The Transportation Security Administration has added the checking of travel documents to its list of responsibilities at a few high-traffic airports -- a potential responsibility shift signifying the start of a national changing of the guard.

Travel document verification is the responsibility of commercial airlines at the majority of large U.S. airports, but in the last six months TSA has taken on the duties at Baltimore/Washington International Thurgood Marshall and Phoenix Sky Harbor International airports, adding New York's John F. Kennedy International Airport to that list as of last week.

President Bush's fiscal 2008 budget request calls for $60 million to add an additional 1,329 transportation security officers capable of checking travel documents at the 40 highest risk airports in the country. The agency already has roughly 700 transportation security officers trained to screen travel documents.

Both the House and Senate versions of the fiscal 2008 Homeland Security appropriations bill (HR 2638, S 1644) would provide $45 million to fund TSA travel-document checkers, $15 million less than the president's request. The House version of the bill doesn't fund the entire request because the lawmakers say all 1,329 employees won't be on the payroll by October 2007 due to training and hiring time considerations. Senate appropriators say $45 million would be sufficient to fully staff the 40 highest-risk airports.

TSA initiated the transfer of document-checking responsibilities to gain more control of the airport environment and create another layer of security designed to keep terrorists off of aircraft.

"Now, trained security officers will have the capability to detect individuals who attempt to board an aircraft with suspect documents," said TSA Administrator Kip Hawley. "Fraudulent IDs and boarding documents can subvert the security process and this effort sends someone with a fake ID to law enforcement and not the boarding gate."

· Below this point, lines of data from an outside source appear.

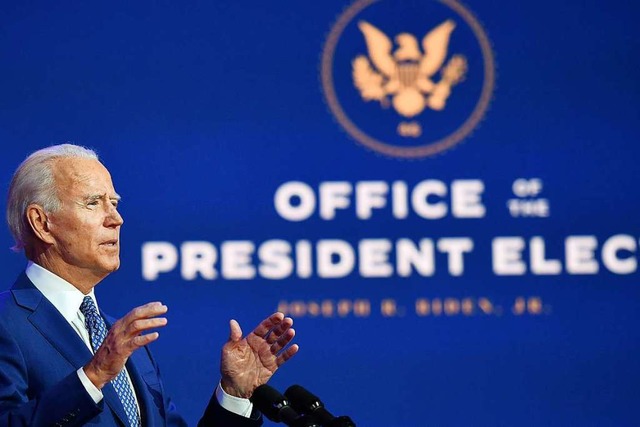Mit Joe Biden verknpfen sich derzeit viele Hoffnungen.  | Foto: ANGELA WEISS (AFP)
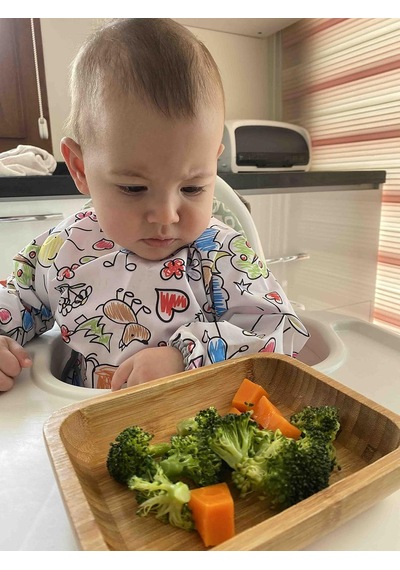 Yorni, Family Deluxe Uzun Kollu Bebek Mama Önlüğü Çok Renkli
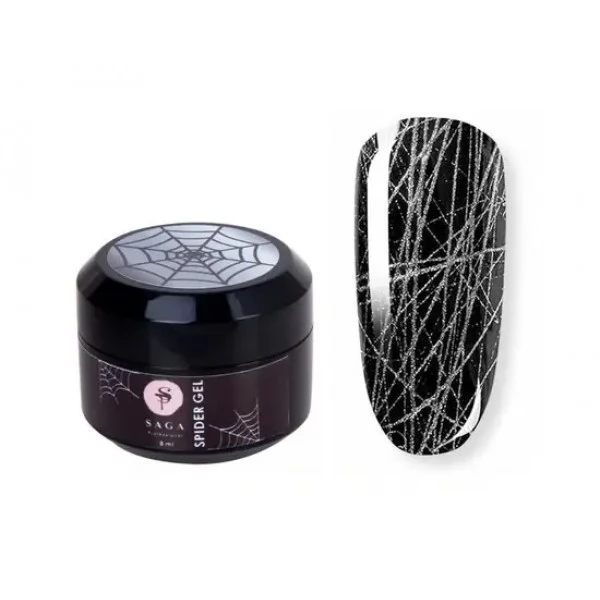 Spider Gel SAGA silver 8 ml Spider Gel SAGA silver 8 ml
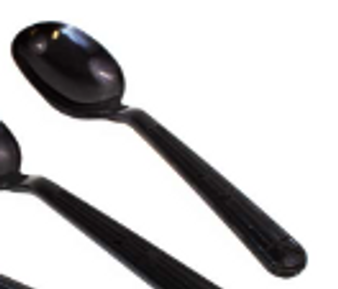 Heavy Weight Polypropylene Soup Spoon, Ebony, 1000 wrap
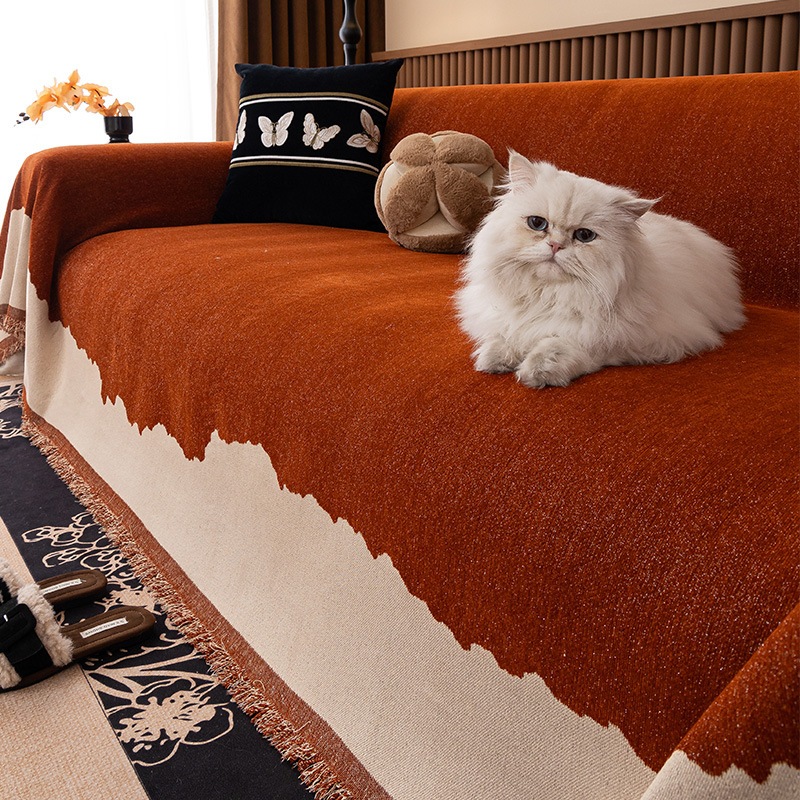 ソファカバー布猫の爪から保護するフルカバー四季通用シンプルで高級感のあるクッションソファカバー滑り止めカバーブランケット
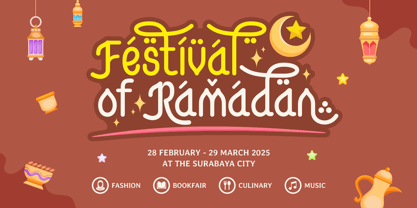 Super Ramadan Font Poster 2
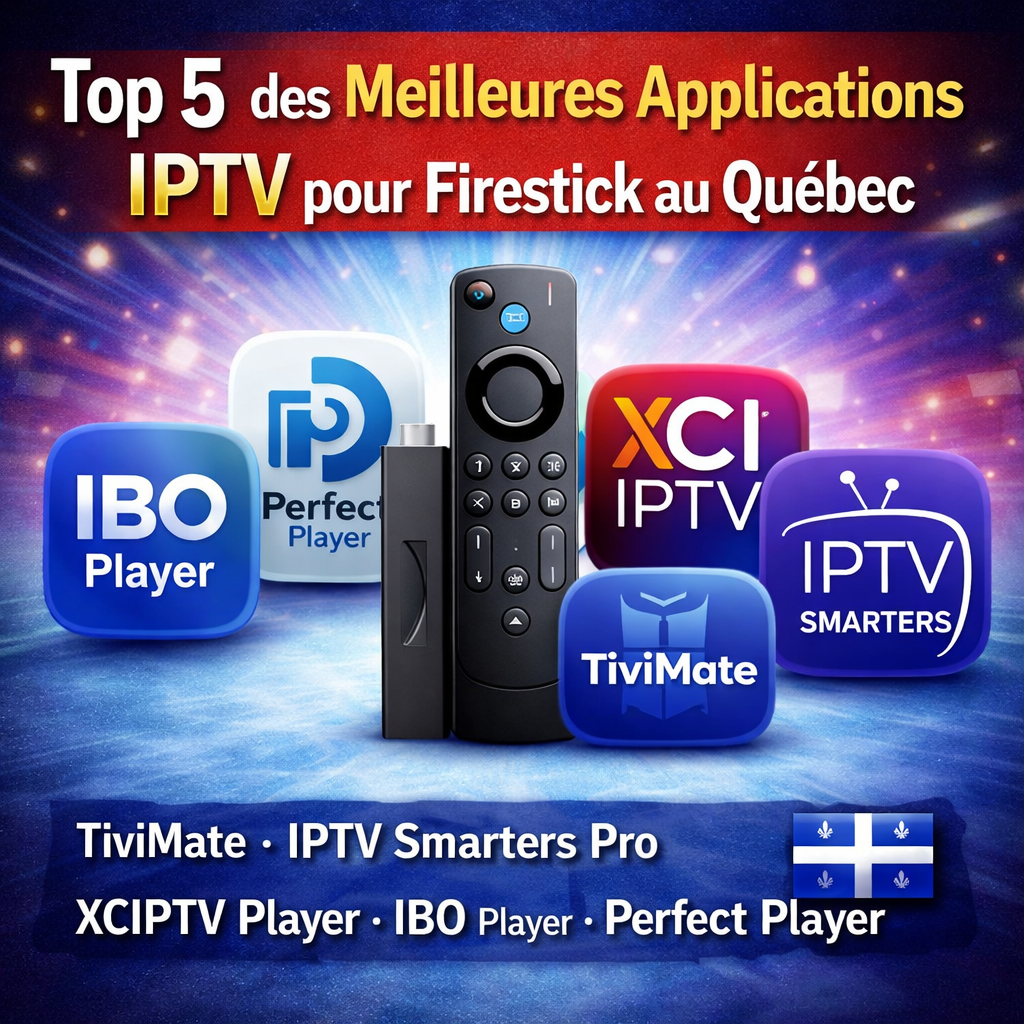 Top 5 des Meilleures Applications IPTV pour Firestick au Québec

TSA says having transportation security officers check travel documents at the head of the airport checkpoint lines significantly upgrades surveillance because they will be given sensitive security information -- including specific threat and watch list intelligence --- that contracted personnel can't legally access.

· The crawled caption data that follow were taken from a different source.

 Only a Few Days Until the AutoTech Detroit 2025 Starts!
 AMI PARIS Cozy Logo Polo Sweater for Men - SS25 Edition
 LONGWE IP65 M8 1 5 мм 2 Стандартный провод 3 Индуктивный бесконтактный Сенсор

Furthermore, transportation security officers will be able to use the travel document inspection as an opportunity to take note of each passenger's behavior and disposition.

Transportation security officers who check travel documents will undergo training in suspicious behavior observation techniques and fraudulent ID recognition, in addition to the 190 hours of basic training every TSO receives.

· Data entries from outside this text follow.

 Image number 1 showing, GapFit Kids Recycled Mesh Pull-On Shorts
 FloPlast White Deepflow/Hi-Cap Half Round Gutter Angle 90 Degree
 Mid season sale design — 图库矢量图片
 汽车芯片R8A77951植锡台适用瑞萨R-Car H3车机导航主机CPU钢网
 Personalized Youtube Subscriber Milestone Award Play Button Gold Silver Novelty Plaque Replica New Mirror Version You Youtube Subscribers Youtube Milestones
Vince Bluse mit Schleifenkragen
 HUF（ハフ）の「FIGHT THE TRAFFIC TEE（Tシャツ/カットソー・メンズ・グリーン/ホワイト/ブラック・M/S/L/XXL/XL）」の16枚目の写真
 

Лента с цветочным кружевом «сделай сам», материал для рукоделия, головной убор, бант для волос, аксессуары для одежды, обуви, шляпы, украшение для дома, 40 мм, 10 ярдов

The extra training requires about one working day for transportation security officers to learn to identify fraudulent travel documents and pick up behavior observation techniques. The behavior recognition component is an abbreviated version of a longer course taught to other TSA employees.

In addition to this training, transportation security officers also use technologies to validate travel documents, according to the Department of Homeland Security brief of the president's fiscal 2008 budget request. The brief listed document scanners, black lights and magnifying equipment as machines likely to be used by the new document checkers.

Jonathan Dean, a spokesman for Baltimore/Washington International Thurgood Marshall Airport, said TSA's document-checking responsibilities began at a handful of checkpoints in March 2007 and has gradually spread to all the checkpoints in the airport. "To this point it has worked well," he added.

Similarly, TSA began checking IDs at only two security checkpoints at Phoenix Sky Harbor International Airport in December 2006, but was operating at all seven by the end of February. Deborah Ostreicher, a spokeswoman for the Phoenix airport said the transition "has gone pretty smoothly," with TSA document-checkers gradually lowering passenger waiting times as they have gained experience.

Transportation security officers began checking travel documents at "a number of security checkpoints" at John F. Kennedy International Airport in late June.

TSA employees also have taken on document checking responsibilities at smaller airports around the country. The agency now performs the checks at more than 200 small airports.